How We Implemented MLX-Demo (MacOS)¶
This document explains how DeepExtension internally implemented the built-in training method: MLX-Demo.
The MLX-Demo serves as a read-only reference example that demonstrates how to integrate third-party training code into the DeepExtension workflow.
Demo Source¶
- MLX-Demo is based on the LoRA training implementation from the mlx-lm project
After following the Installation Guide, the necessary files are located at:
{deepextension_base_dir}/deep-e-python/mlx_lm
Prerequisites: Make It Runnable Locally¶
By default, the MLX example reads datasets from directories, while DeepExtension requires file-based inputs.

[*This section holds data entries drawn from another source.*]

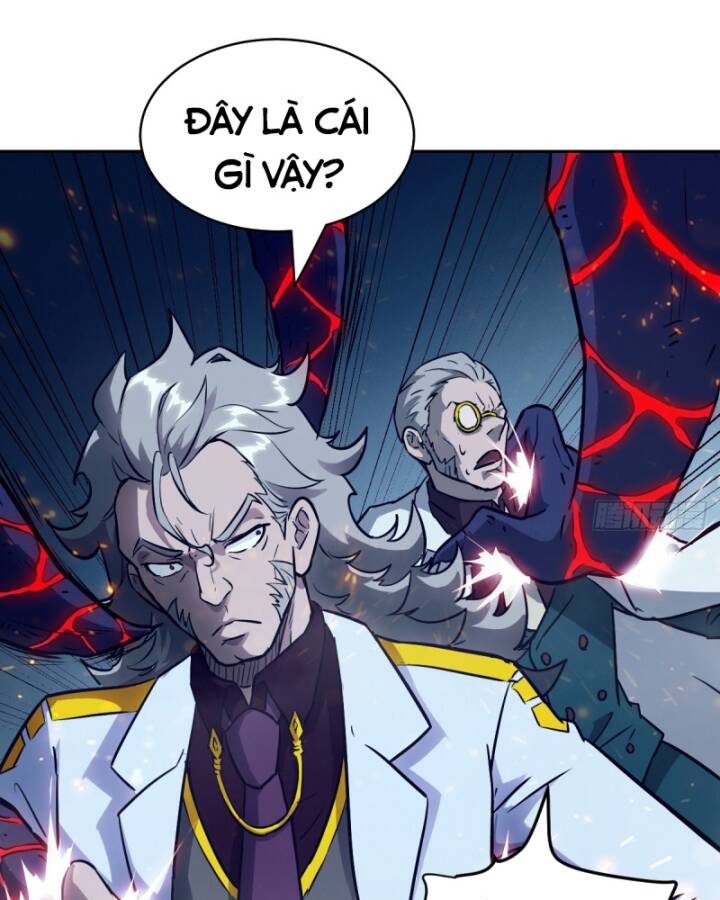 Tay Trái Của Ta Có Thể Dị Biến Chap 73 - Next Chap 74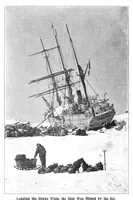 An illustration from Scientific American, Vol. 90, No. 13 (March 1904) (1904)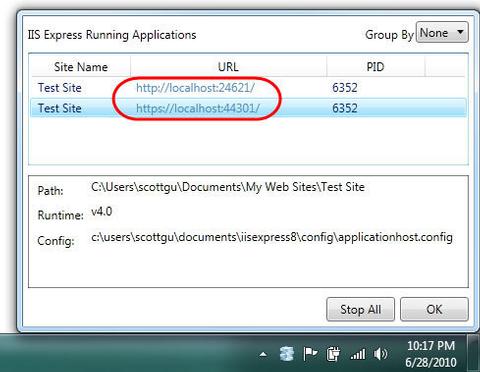Microsoft bringt Gratis-IIS-Version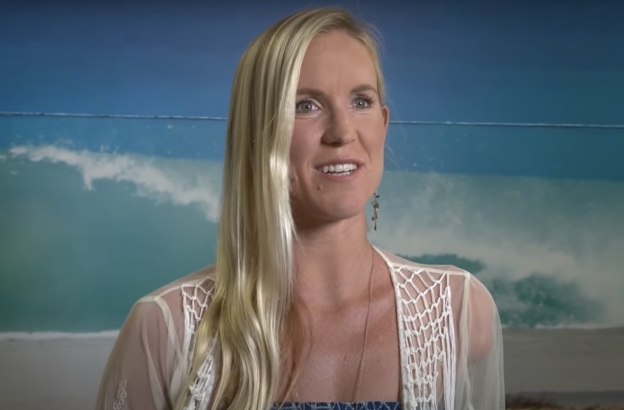 Bethany Hamilton sparks outrage over 'anti-trans' views ahead of Wisconsin event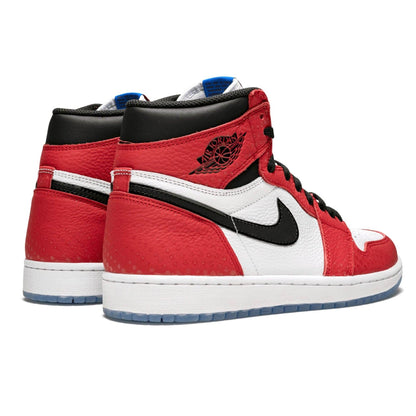 Air Jordan 1 Retro High OG 'Origin Story' - Kick Game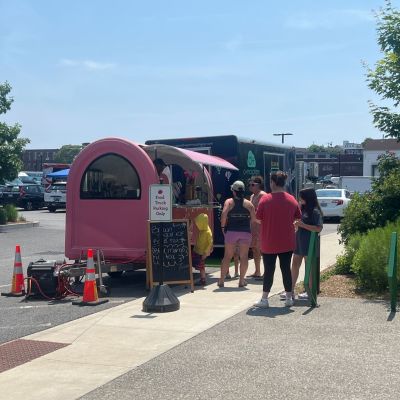 First ‘Taste of Juneteenth New England’ held in Providence | ABC6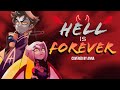 Hell Is Forever Hazbin Hotel Covered By Anna Female Ver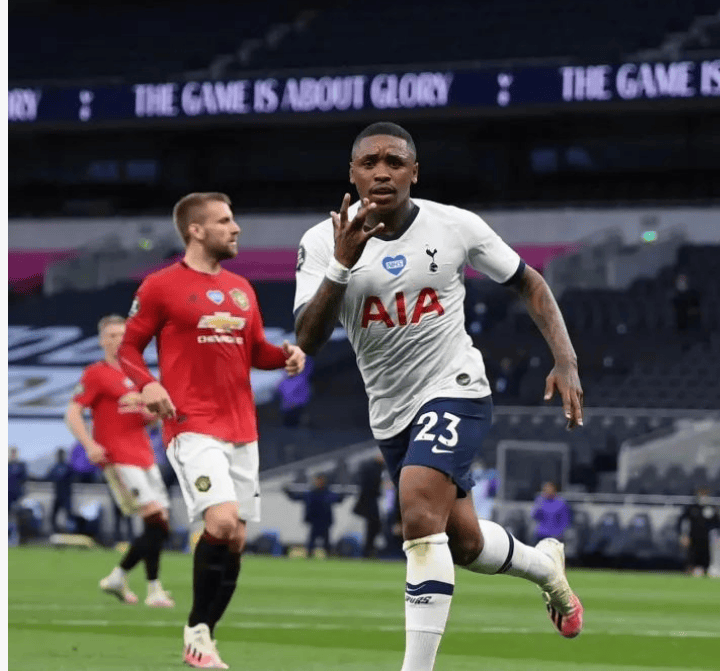 包含里程碑夜！托特纳姆豪取连胜，英超赛后刷纪录，媒体盛赞，更衣室氛围转暖的词条爱游戏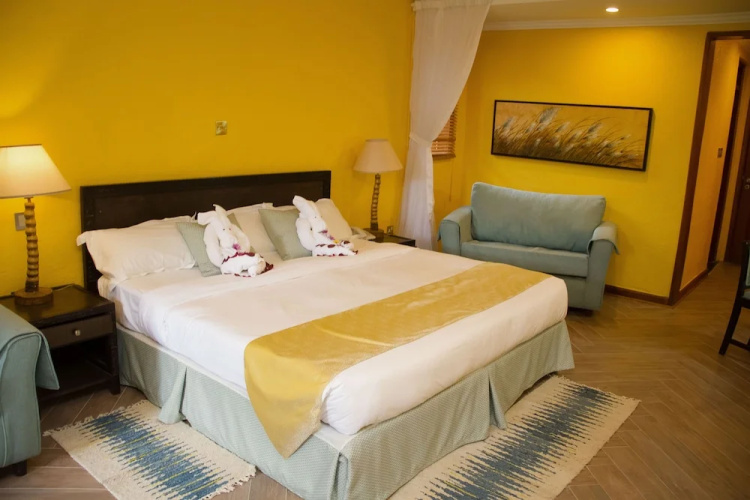 Sawela Lodge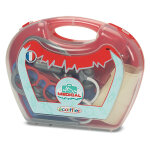 Mallette docteur 28 cm Mallette docteur 28 cm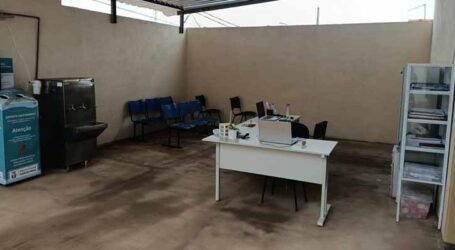 GRNEWS TV: Vereador critica UBSs improvisadas no Seringueiras e São Paulo e pressão por melhorias na saúde em Pará de Minas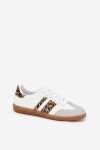 Sportovní obuv model 209460 Step in style 39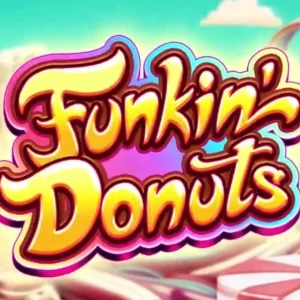 Funkin' Donuts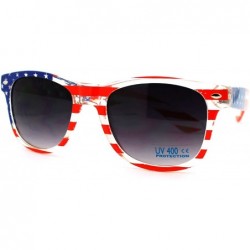 Aviator Men Women Sunglasses Pop Color Frame Mirror Lens Gift Box Set - Style 7 - C211HECJZ4V $8.46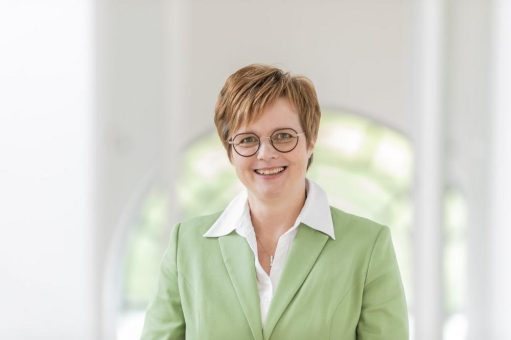 Manuela Moog wird IT-Vorständin bei der DEVK
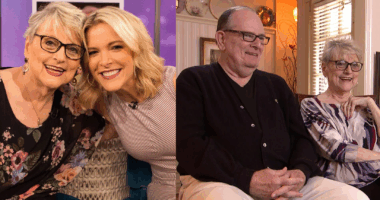 Meet Megyn Kelly Family Parents And Siblings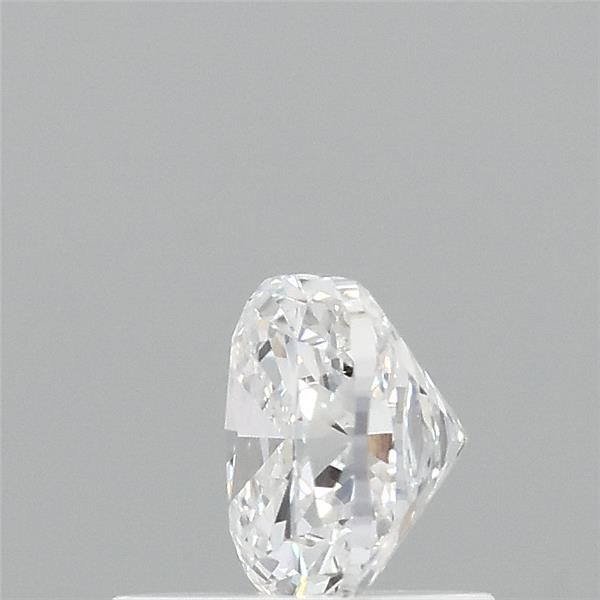 Cushion Lab-Grown Diamond image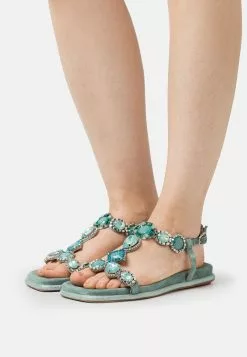 Alma En Pena Sandalen - Jade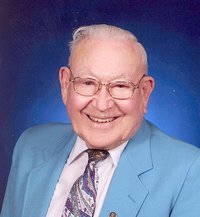 Image: Roy Crownover was an honest, hard-working man of integrity.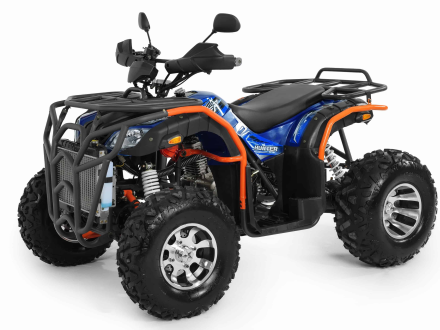 Квадроцикл TIGER 4х4 380, фото 9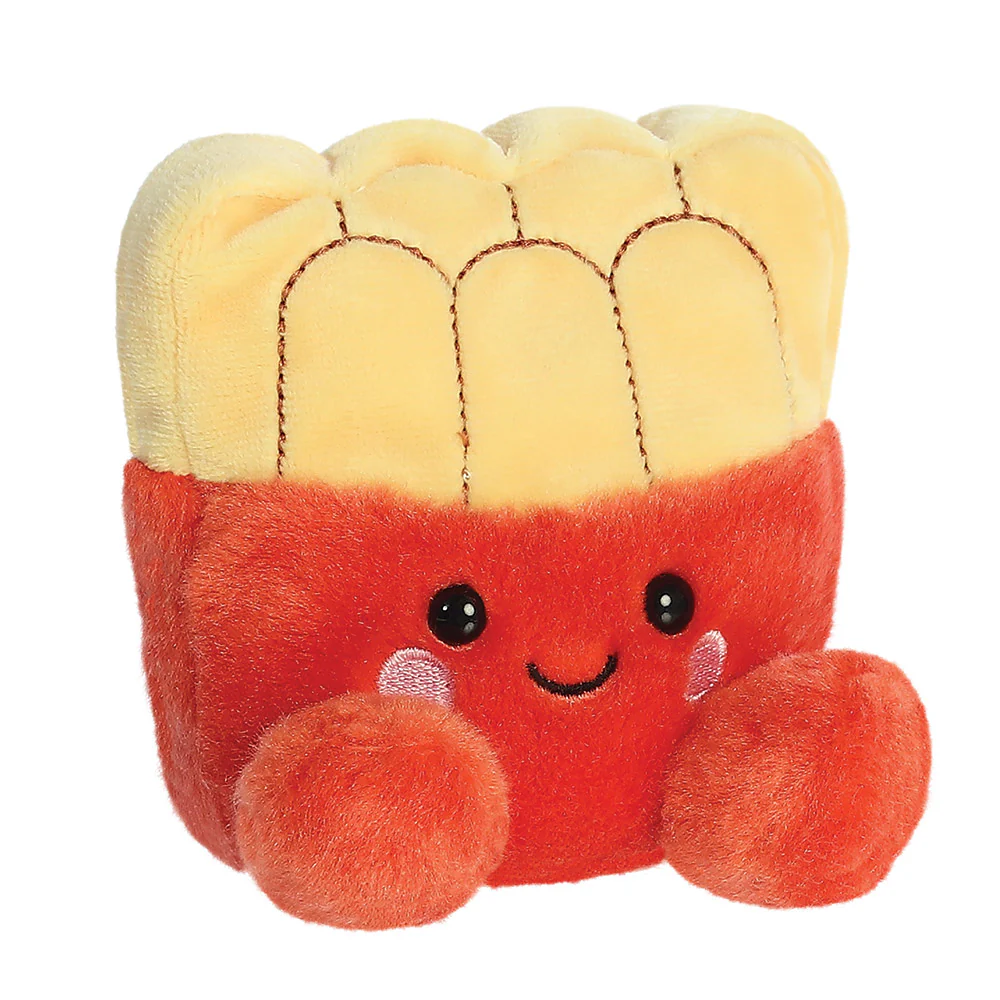 Palm Pals Frenchy Fries Soft Toy - Image 2
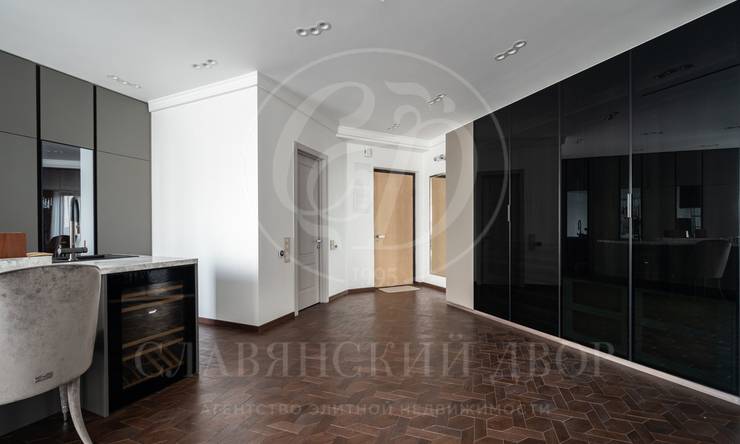 Лот-12919-361663 Продажа квартиры Замоскворечье, Якиманка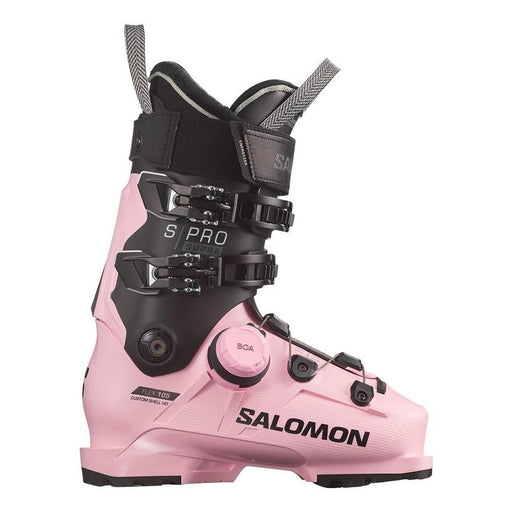 Salomon S/PRO SUPRA BOA 105 W GW SKI BOOTS - 2025 - Next Adventure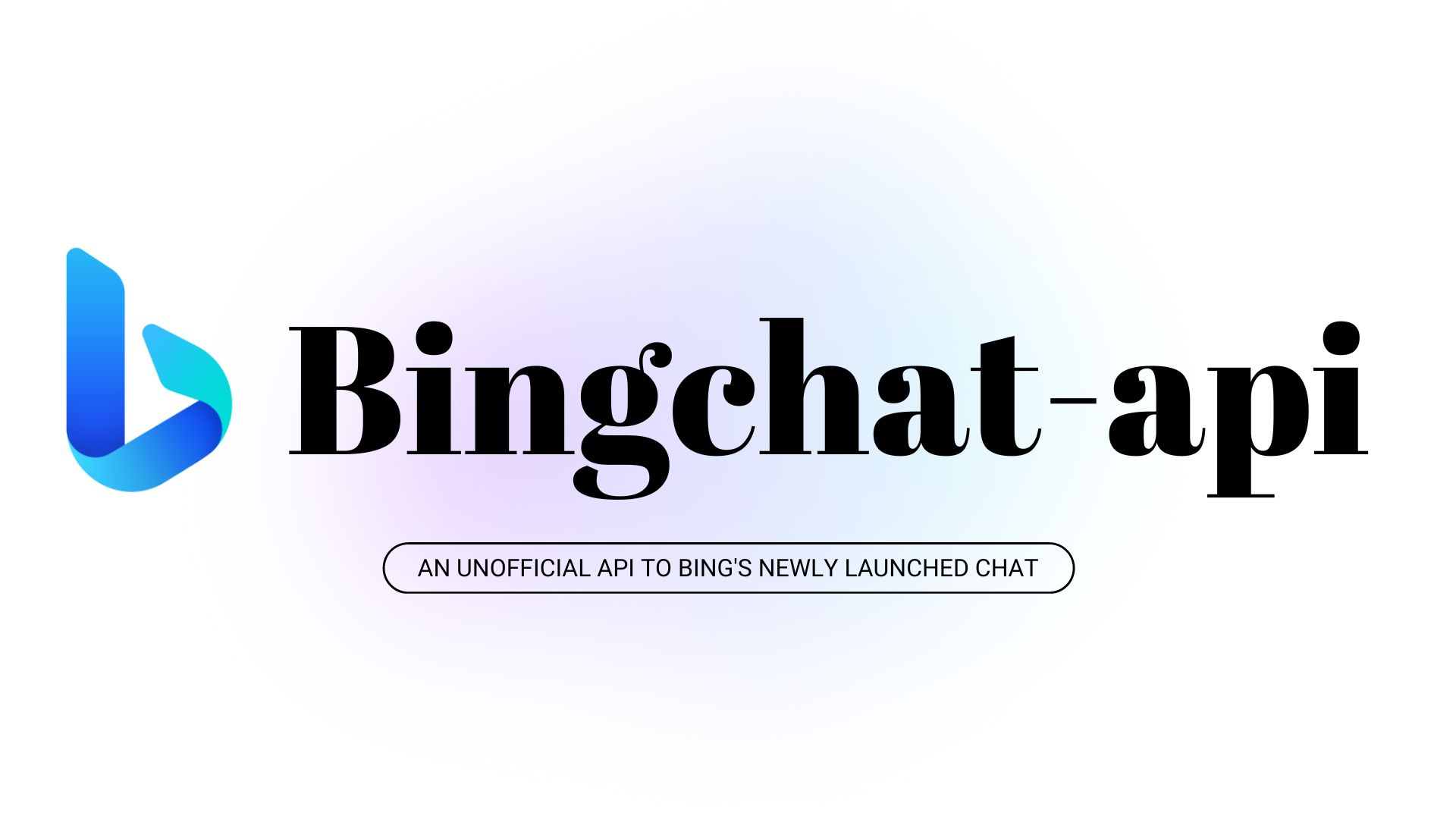 bingchat-api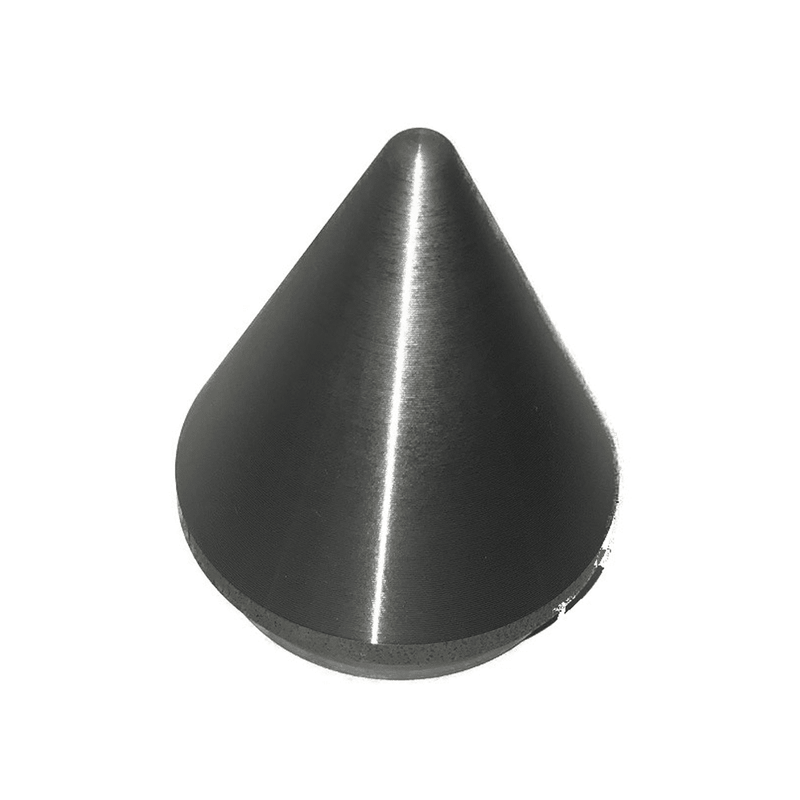 Load image into Gallery viewer, Spiked Tubing End Cap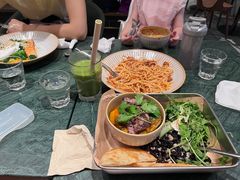 -BAKER&SPICE(环贸店)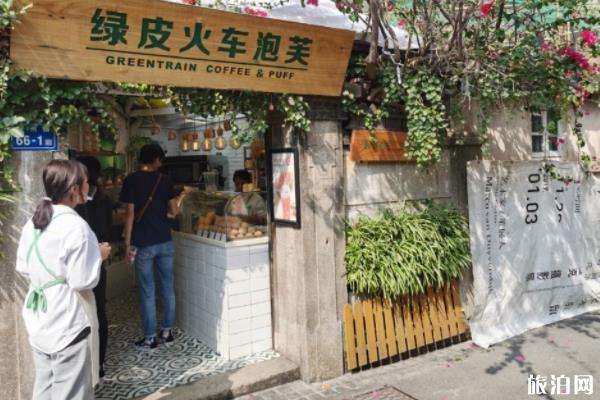 厦门旅游攻略 鼓浪屿中山路步行街曾厝垵旅游路线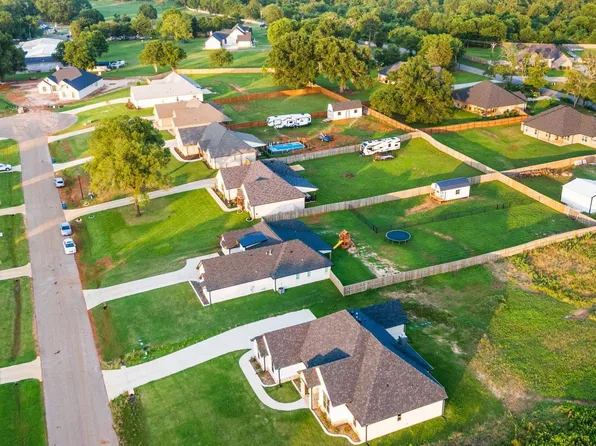 7947 Freestone Dr, Bullard, TX 75757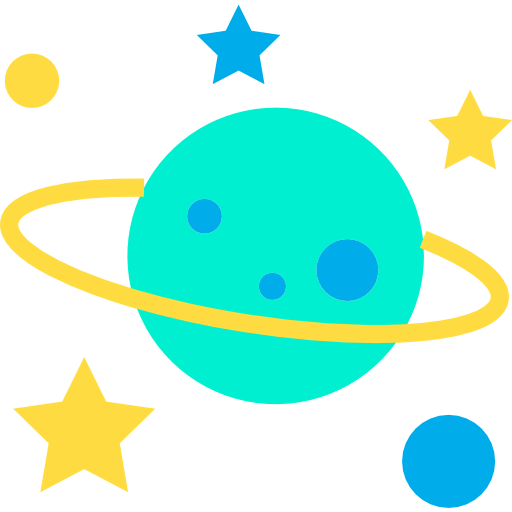 Space icon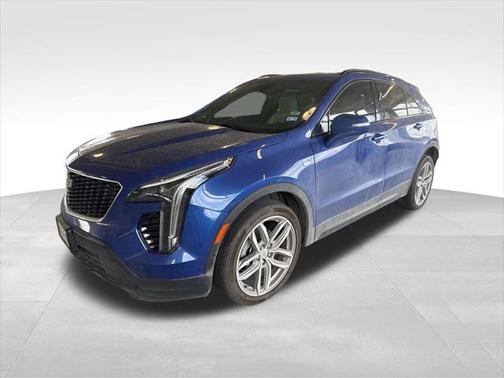 2023 Cadillac XT4 Sport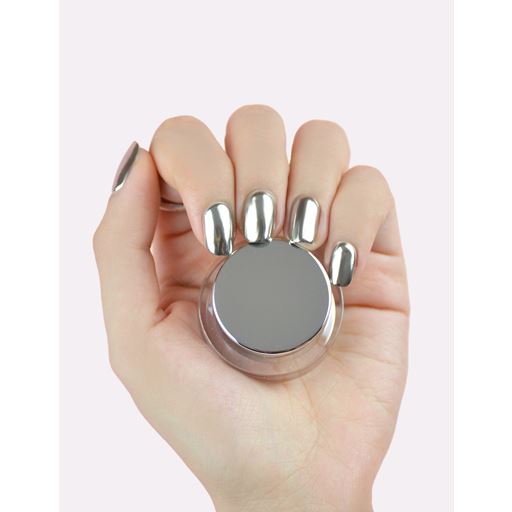 Le Mini Macaron Chrome Powder Le Metallique Kit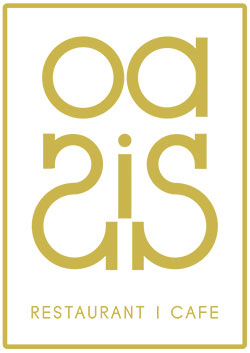 Oasis Cafe-Restaurant - Paros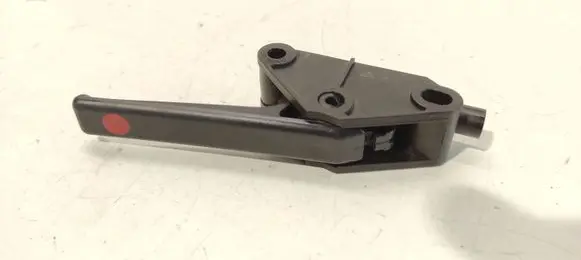 Citroen C5 Engine bonnet (hood) release handle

Some minor changes are necessary and are automatically applied when running prepare_mlx_changes.sh during installation.
Base Model (Local)¶
Ensure a compatible base model (e.g., Qwen2.5-1.5B-Instruct) is downloaded to:
{deepextension_base_dir}/models/Qwen2.5-1.5B-Instruct
You may use any other MLX-compatible base model available locally.
Dataset (Local)¶
For the MLX-Demo, use the following dataset:
examples/mlx-demo-train-dataset.jsonl
Test the Localized Script¶
Before integrating, verify that the MLX demo code runs correctly on your machine.
cd {deepextension_base_dir}/deep-e-python
python3 -m mlx_lm.lora \
--model ../models/Qwen2.5-1.5B-Instruct \
--train \
--data examples/mlx-demo-train-dataset.jsonl \
--iters 2
If everything is set up properly, the script should run and terminate without errors.
Only proceed to the next integration steps if this test is successful.
Integrating mlx-demo.py¶
After validating the training script, we created mlx-demo.py.
Unlike the CUDA demo described in How You Implement Own Training (CUDA), which embeds training logic directly inside a script,
mlx-demo.py instead invokes training using a subprocess call:
cmd = ['python3', '-m', 'mlx_lm','lora']
This makes the integration more modular and easier to maintain when using well-structured external modules like mlx_lm.
Summary¶
- MLX-Demo is a working example that shows how to integrate MLX-based training pipelines into DeepExtension.
- It demonstrates that even non-CUDA environments like MacOS can support training workflows via DeepExtension.
- The script structure makes it easy to replicate for other MLX-compatible fine-tuning tools.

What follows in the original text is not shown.